Mitgliedstaaten sollen Menschenrechte vor Profite stellen

Die Präsidentin der EU-Kommission, Ursula von der Leyen, bei einer Rede zu Europas digitaler Zukunft in Brüssel, 19. Februar 2020.  © 2020 AP Photo/Virginia Mayo

(Brüssel) – Die Europäische Union soll strengere Regeln erlassen, damit in Europa entwickelte Überwachungstechnologien nicht an repressive Regierungen verkauft werden, so Human Rights Watch und sieben andere Menschenrechtsorganisationen heute in einem Schreiben an die Europäische Union. Mitgliedstaaten, die Fortschritten auf diesem Gebiet bislang im Weg gestanden haben, sollten ihren Widerstand aufgeben.

Seit Jahren erlauben Lücken im geltenden Regelwerk, dass sogenannte Dual Use-Produkte aus der EU, einschließlich weitreichender Überwachungssysteme, an Regierungen verkauft werden, welche die Menschenrechte verletzen. Empfänger der Technologien haben diese gegen Menschenrechtsverteidiger, Journalisten und oppositionelle Gruppen eingesetzt.

In ihrem Schreiben fordern die Menschenrechtsorganisationen die Europäische Union auf, Gesetze zu verabschieden, die Unternehmen eine Sorgfaltspflicht (due dilligence) im Hinblick auf die Einhaltung der Menschenrechte auferlegen. Zudem soll die Vergabe von Exportlizenzen für Cyberüberwachungstechnologien verboten werden, wenn ein erhebliches Risiko besteht, dass diese im Empfängerland zu Menschenrechtsverleztungen führen.
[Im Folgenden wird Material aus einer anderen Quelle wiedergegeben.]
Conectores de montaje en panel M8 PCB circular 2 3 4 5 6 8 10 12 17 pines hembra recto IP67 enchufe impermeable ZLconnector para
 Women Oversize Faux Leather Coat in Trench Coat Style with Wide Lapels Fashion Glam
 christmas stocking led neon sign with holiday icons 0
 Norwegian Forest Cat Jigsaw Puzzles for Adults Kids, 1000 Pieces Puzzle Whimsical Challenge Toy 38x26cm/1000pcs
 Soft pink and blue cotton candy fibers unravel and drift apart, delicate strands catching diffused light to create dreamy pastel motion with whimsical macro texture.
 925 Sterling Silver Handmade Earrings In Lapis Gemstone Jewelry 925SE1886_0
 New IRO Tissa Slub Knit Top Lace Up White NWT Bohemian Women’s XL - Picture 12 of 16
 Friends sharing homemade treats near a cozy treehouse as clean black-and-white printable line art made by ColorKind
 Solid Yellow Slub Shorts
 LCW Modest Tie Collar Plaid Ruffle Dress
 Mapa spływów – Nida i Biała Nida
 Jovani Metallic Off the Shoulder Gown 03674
„Die laxen Regeln der EU haben es Unternehmen erlaubt, ihre Spyware an repressive Regierungen zu verkaufen“, so Wenzel Michalski, Deutschland-Direktor von Human Rights Watch. „Die EU muss aufhören, sich an Menschenrechtsverletzungen mitschuldig zu machen, indem sie die Lücken in ihren Handelsregeln schließt.“

Im Jahr 2016 legte die Europäische Kommission eine Reihe konkreter Vorschläge, um den Handels mit Überwachungstechnologien zu reformieren. Diese sind auch im Europäischen Parlament auf breite Unterstützung gestoßen. Der Europäische Rat schwächte die Reformvorschläge jedoch im Juni 2019 erheblich ab. Tschechien, Zypern, Estland, Finnland, Irland, Italien, Polen und Schweden lehnten die Reformen ab, meist mit Verweis auf wirtschaftliche Interessen.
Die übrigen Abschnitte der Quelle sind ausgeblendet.